Has the horse been examined by an Equine Dentist? An issue in the mouth causing a restriction in the movement of TMJ will also inhibit movement in the rest of the horse's body- if you were to clench your jaw it would restrict the amount you could turn your head and even how you walk.

Finally I would examine how I am positioned as I ride. I would shift my ribs, shoulder, head position, pelvis position (amount I am closing or opening my right hip) and see if I am twisted or restricted in my own movement causing a loss of balance which the horse is compensating. Allow a little dust on your saddle and then have a ride- does your butt print in the dust show you to be sitting to one side or to the other? Is the imprint of you left bum cheek the same as your imprint of your right bum cheek? More weight in one or the other.

I think asking the horse to bend and stretch is wonderful but if I do not try to see if there is a cause other than just stiffness in the horse I will create a bigger issue later.

Hope this helps!


----------



## kitten_Val (Apr 25, 2007)

snooty, all (or at least many) horses are more stiff on one side then other. Same with people BTW. Both my mares are stiff going left and coupled with my weaker left leg and hip asking them to bend on left circle is something that takes lots of work and effort. They gave almost no bend when we started, and I worked slowly and hard, step by step "loosing" them on that bad side.
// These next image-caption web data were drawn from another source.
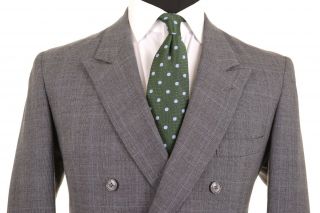 VTG Italian BESPOKE Durante Gray Glen Plaid Double Breasted Suit Jacket Pants 38 2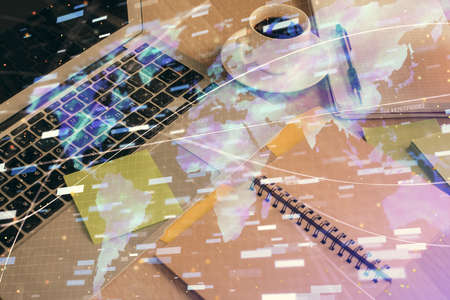 Multi exposure of technology theme drawing and desktop with coffee and items on table background....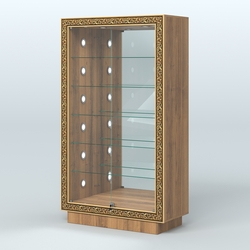 Низкая торговая витрина с декором НБА-507С, Орех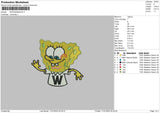 Spongebob W Embroidery File 5 size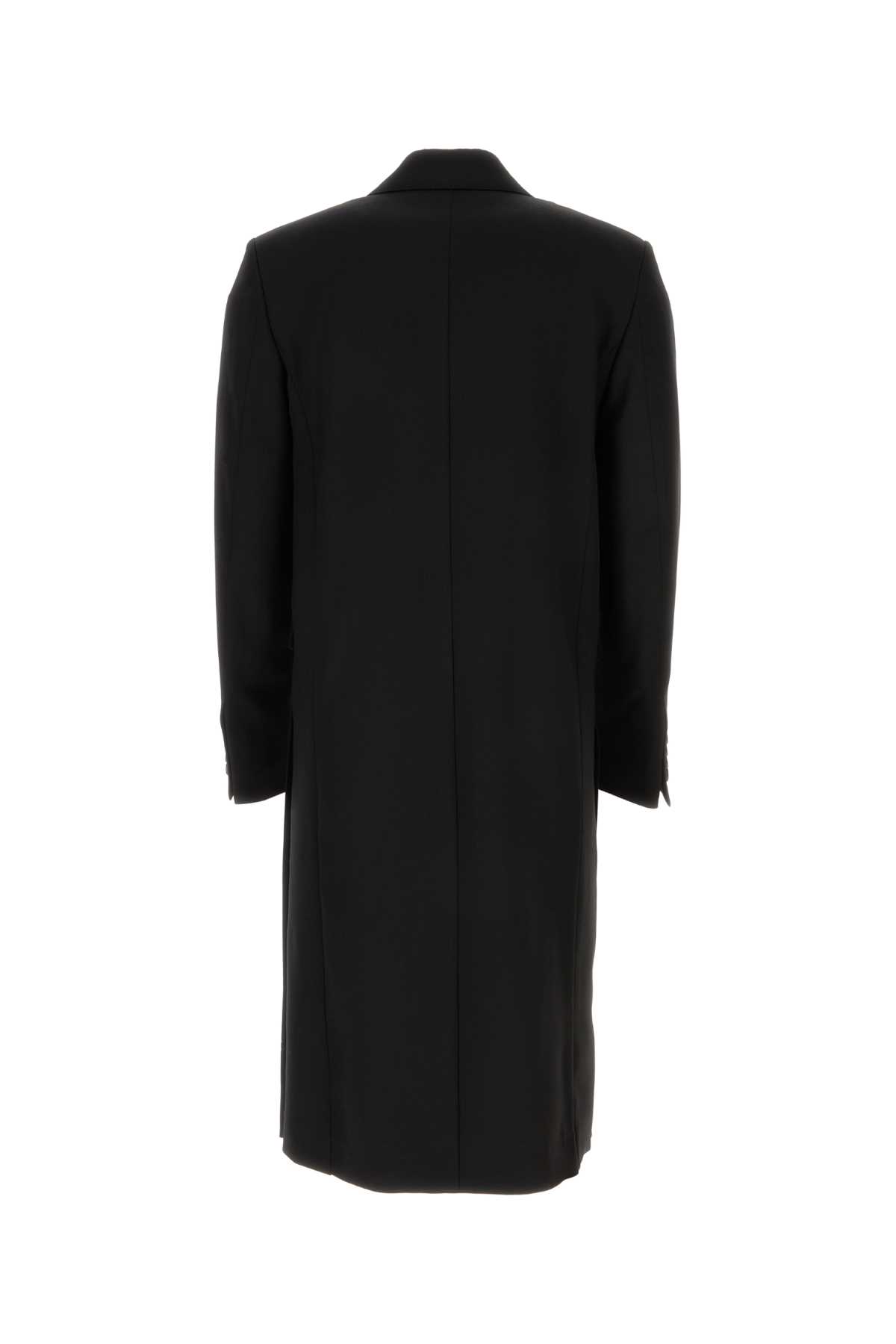 Shop Ami Alexandre Mattiussi Black Wool Coat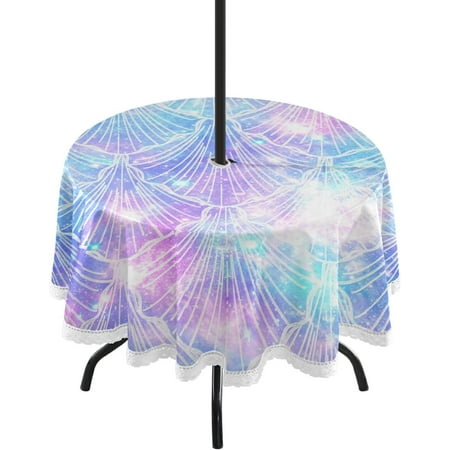 

Hyjoy 60 Mermaid Round Tablecloth Waterproof Outdoor Tablecloth with Umbrella Hole and Zipper for Kitchen Dining Picnic Party Home Decor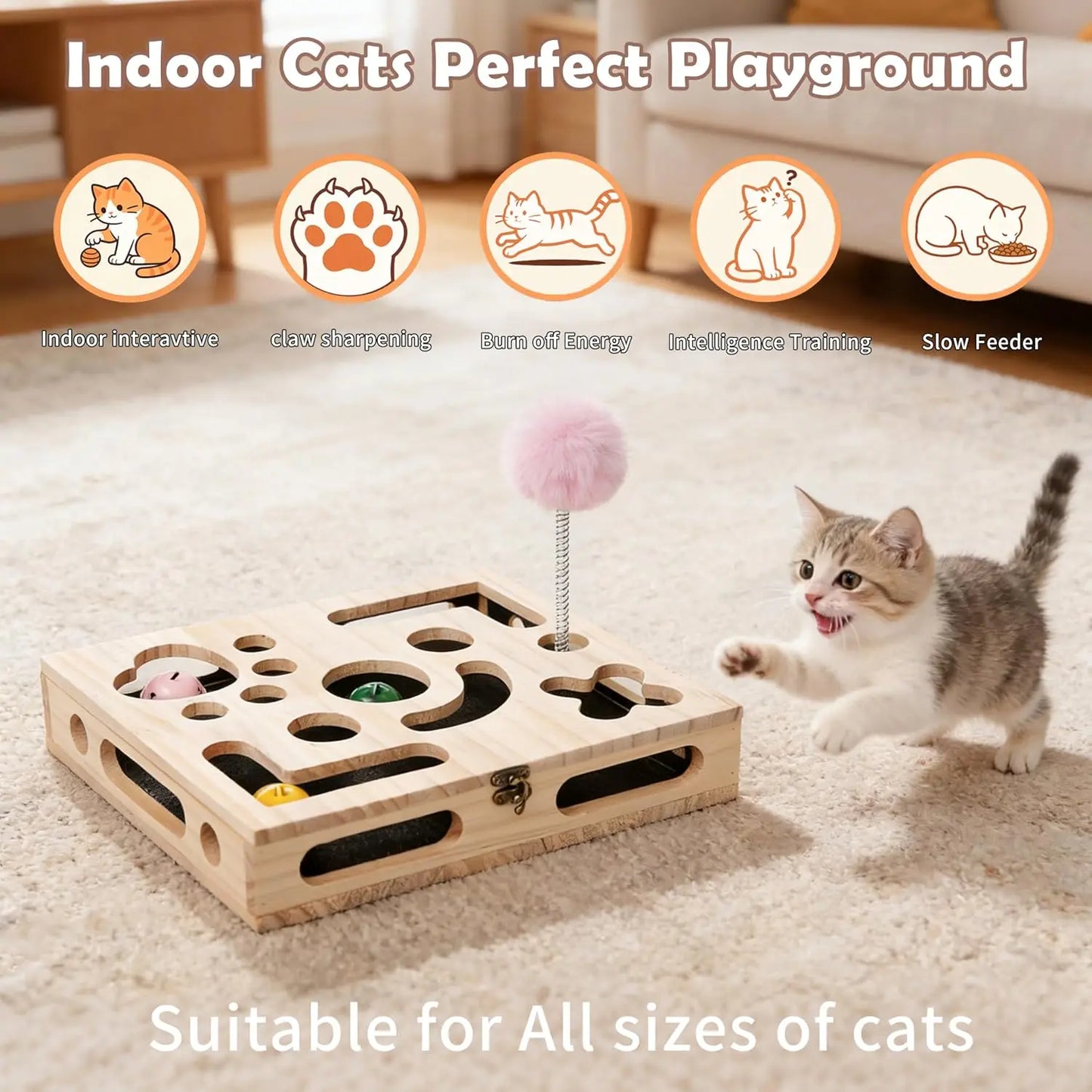 Cat Nail File Enrichment Box, Wood Puzzle Scratcher Toy with Sandpaper | Large Cat Nail File Scratcher Box with Flip-Lid Lock, Wand and 3 Balls, Easy Claw Care Without Clippers or Grinders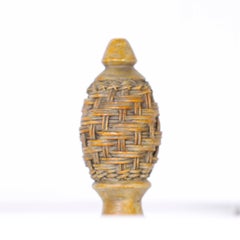Pair of British Colonial Style Rattan Pineapple Table Lamps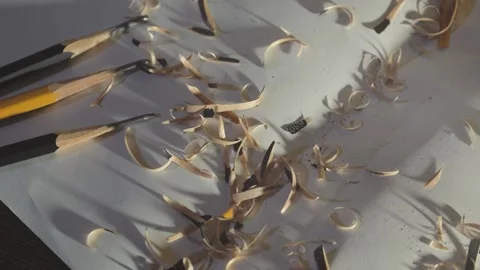 Sharpening a simple pencil with a knife. work with hand carpentry tools Stock Footage 160618192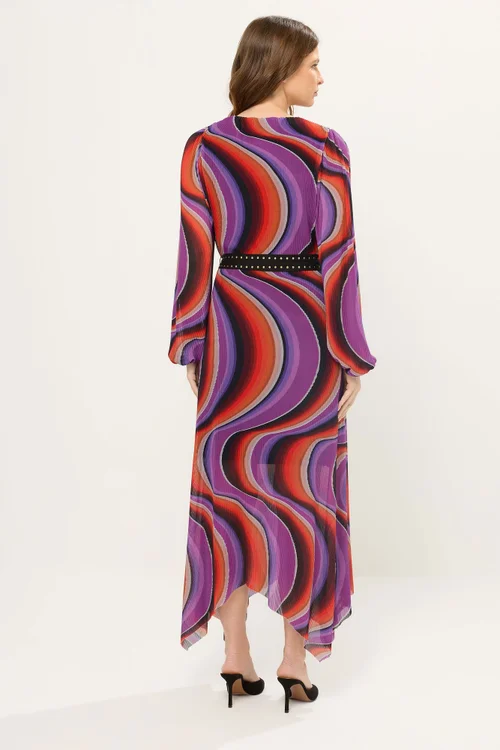 Star By Julien Macdonald Purple Abstract Mesh Pleated Maxi Dress - 20 Image 3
What I have now is incomparable to what they used to be  , but I still can feel how effortless it is going to to the right and keeping a nice bend vs going to the left when I need more leg on to keep it.


----------



## snootyfox (Jan 23, 2011)

Sounds like you are putting in some quality time with your kids. 

I have had a lot of training horse start out the same way (and I was the same when I met my present dressage instructor years ago). I continue to meet horses like this and always rule out an actual restriction before going any further with training. They have all become even on both reins with changes to whateer ws causing the issue- equipment, physical issues or rider issues. How great to eliminate tons of work (an discomfort) by removing a physical limitation at the beginning. Interesting that the restrictions tend to be on the right side when most horses are routinely lead from the left with their nose tipped slightly left. Just an observation.


----------



## kitten_Val (Apr 25, 2007)

^^ Oh, yes, I see what you are saying about ruling out health/tack reasons (and completely agree).  In my case bits and saddles are all carefully fit, and they have dental work done regularly, so it's that natural one-side stiffness many of them seems to show.


----------